The optimization in Exercise 4 is one example of how a modern compiler can provide support for the CPU pipeline. Another example is when the compiler re‐arranges the code without changing the logic of the code. This is done to minimize pipeline hazards such as the “data hazard” we studied in Exercise 3. Here we demonstrate this technique.

Make sure **Show** **dependencies** check box is checked and ONLY the **Redundant** **Code** optimization is selected. Enter the following source code, compile it and load in memory

**program** **Ex5\_1**

**a** **=** **1**

**b** **=** **a**

**c** **=** **2**

**end**

Copy the CPU instruction sequence generated below (do not include the instruction addresses):

MOV #1, R01

MOV R01, R02

MOV #2, R03

HLT

Next, select the optimization option **Code** **Dependencies**. Change the program name to Ex5\_2, compile it and load in memory.

Copy the CPU instruction sequence generated below:

MOV #1, R01

MOV #2, R03

MOV R01, R02

HLT

How do the two sequences differ? Does the change affect the logic of the program? Briefly explain the rationale for the change:

Program remains the same however two instructions are changed their positions. These instructions are independent of each other hence not affecting the purpose of the code. The use of this change is that the third instruction is requiring the data from the first instruction in the second program. So moving an instruction between them remove the data hazard as the instruction is fully executed before the data is needed.

let’s see if we can measure the improvement with this “out of sequence execution” method applied. Modify the above program as below:

**program** **Ex5\_3**

**for** **n** **=** **1** **to** **50**

**a** **=** **1**

**b** **=** **a**

**c** **=** **2**

**next**

**end**

Now, compile and load two version of the above program, one without the **Code** **Dependencies** optimization and one with this optimization (call this one program Ex5\_4).

First run program Ex5\_3 and make note of the values below:

|  |  |
| --- | --- |
| CPI (Clocks Per Instruction) | 1.74 |
| SF (Speed‐up Factor) | 2.87 |

Next, run program Ex5\_4 and make note of the values below:

|  |  |
| --- | --- |
| CPI (Clocks Per Instruction) | 1.6 |
| SF (Speed‐up Factor) | 3.12 |

Do you see any improvement in program Ex5\_4 over program Ex5\_3 (express this in percentage)?

Improvement is observed in both CPI and speed up factor. Overall the execution time is reduced by: 91%.

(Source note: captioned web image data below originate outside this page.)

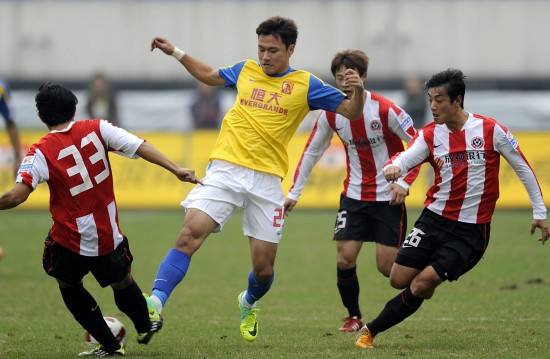 成都蓉城足球队今年是否有望冲超,中超19轮成都蓉城回放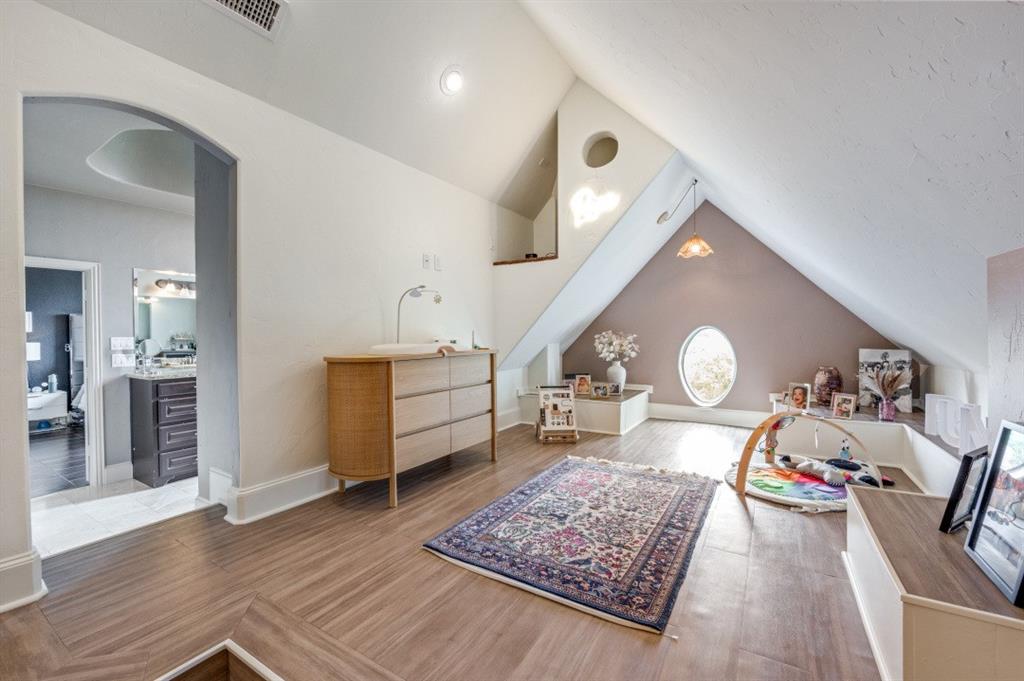 University Park 01 - Residential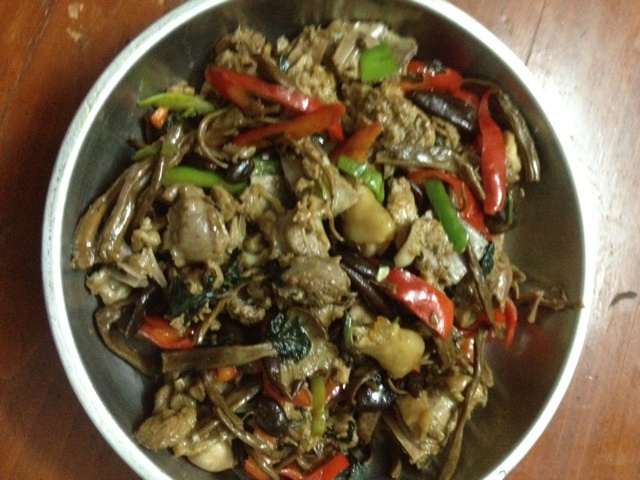 茶树菇爆鸭肉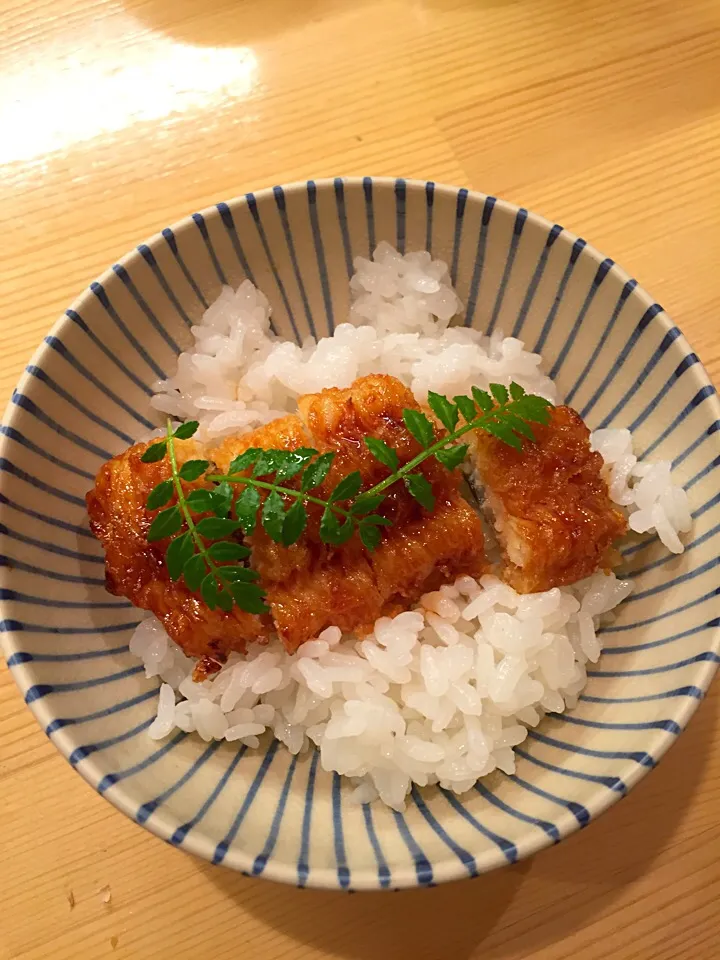 はも丼|よちまるさん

The CPU pipeline uses a table to keep a record of the predicted jump addresses. So, whenever a conditional jump instruction is being executed this table is consulted in order to see what the jump address is predicted as. If this prediction is wrong then the calculated address is used instead. Often the predicted address will be correct with occasional wrong prediction. However, the overall effect will be an improvement on CPU’s performance.